▶ WORK ORDER
Your output consists solely of the lines from the one that contains "Photo credit: Posmates" to the end of the material, each reproduced exactly; pictures do not belong in it.

▶ DATASET SECTION
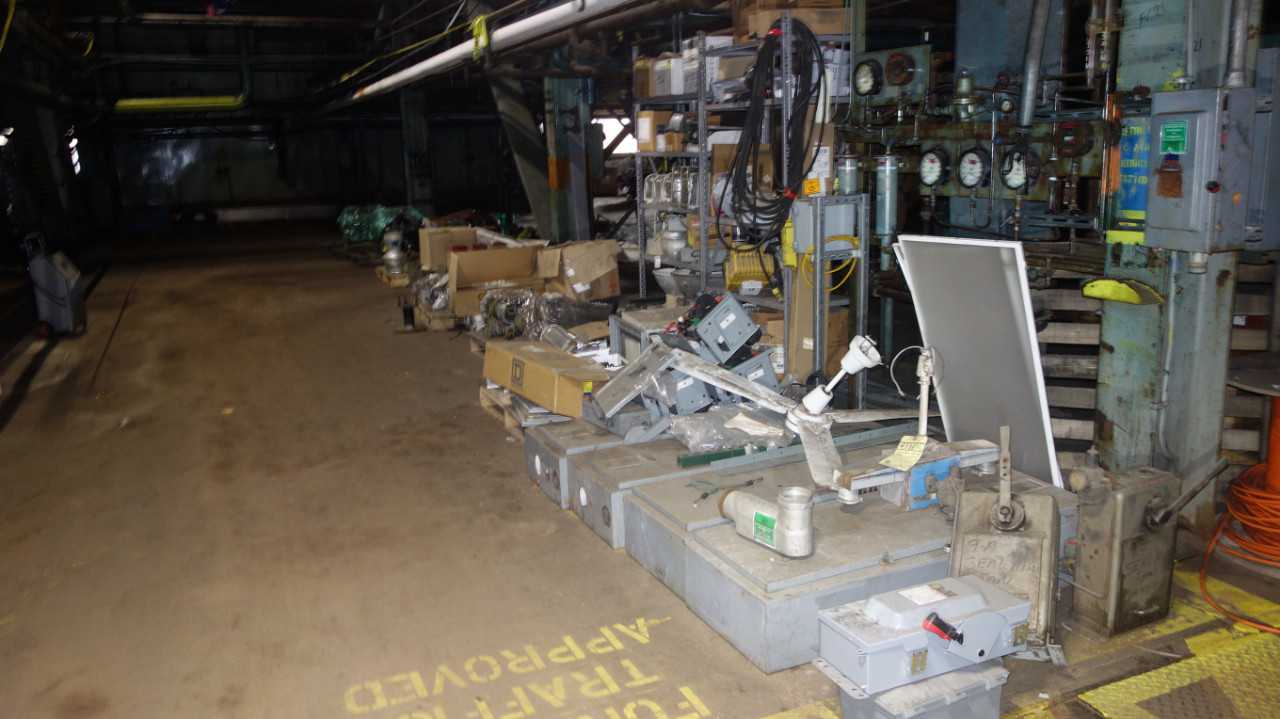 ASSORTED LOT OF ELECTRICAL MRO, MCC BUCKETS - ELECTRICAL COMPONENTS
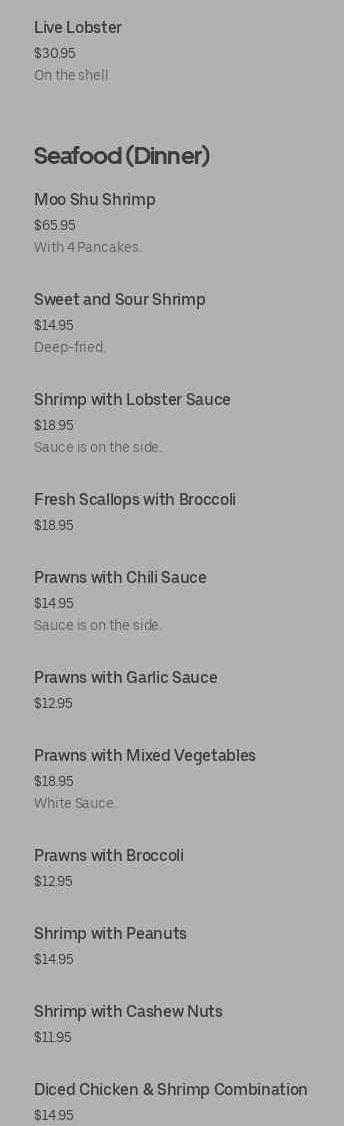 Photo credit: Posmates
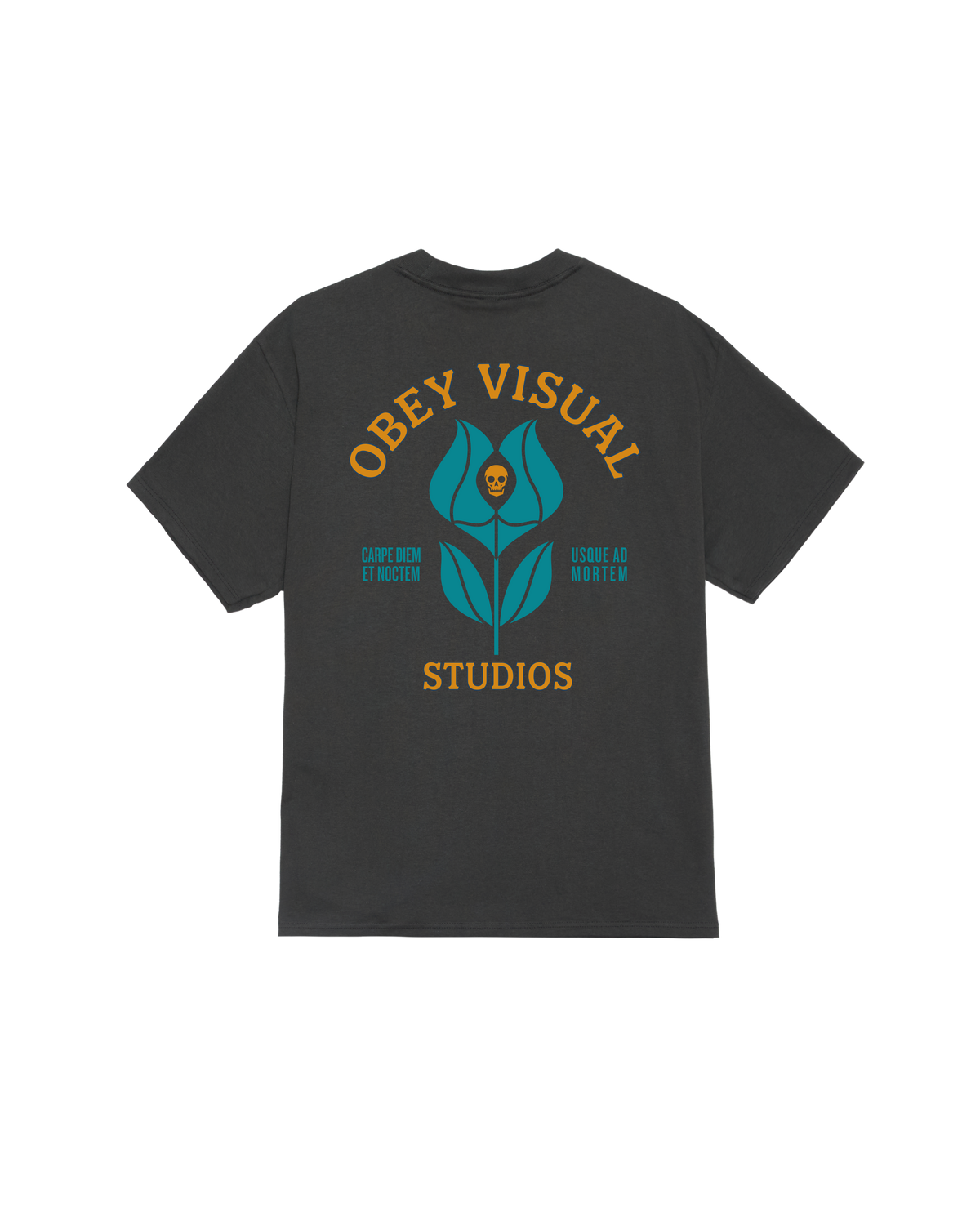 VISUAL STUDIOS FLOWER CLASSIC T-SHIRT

▶ FINAL ANSWER
 Photo credit: Posmates
 VISUAL STUDIOS FLOWER CLASSIC T-SHIRT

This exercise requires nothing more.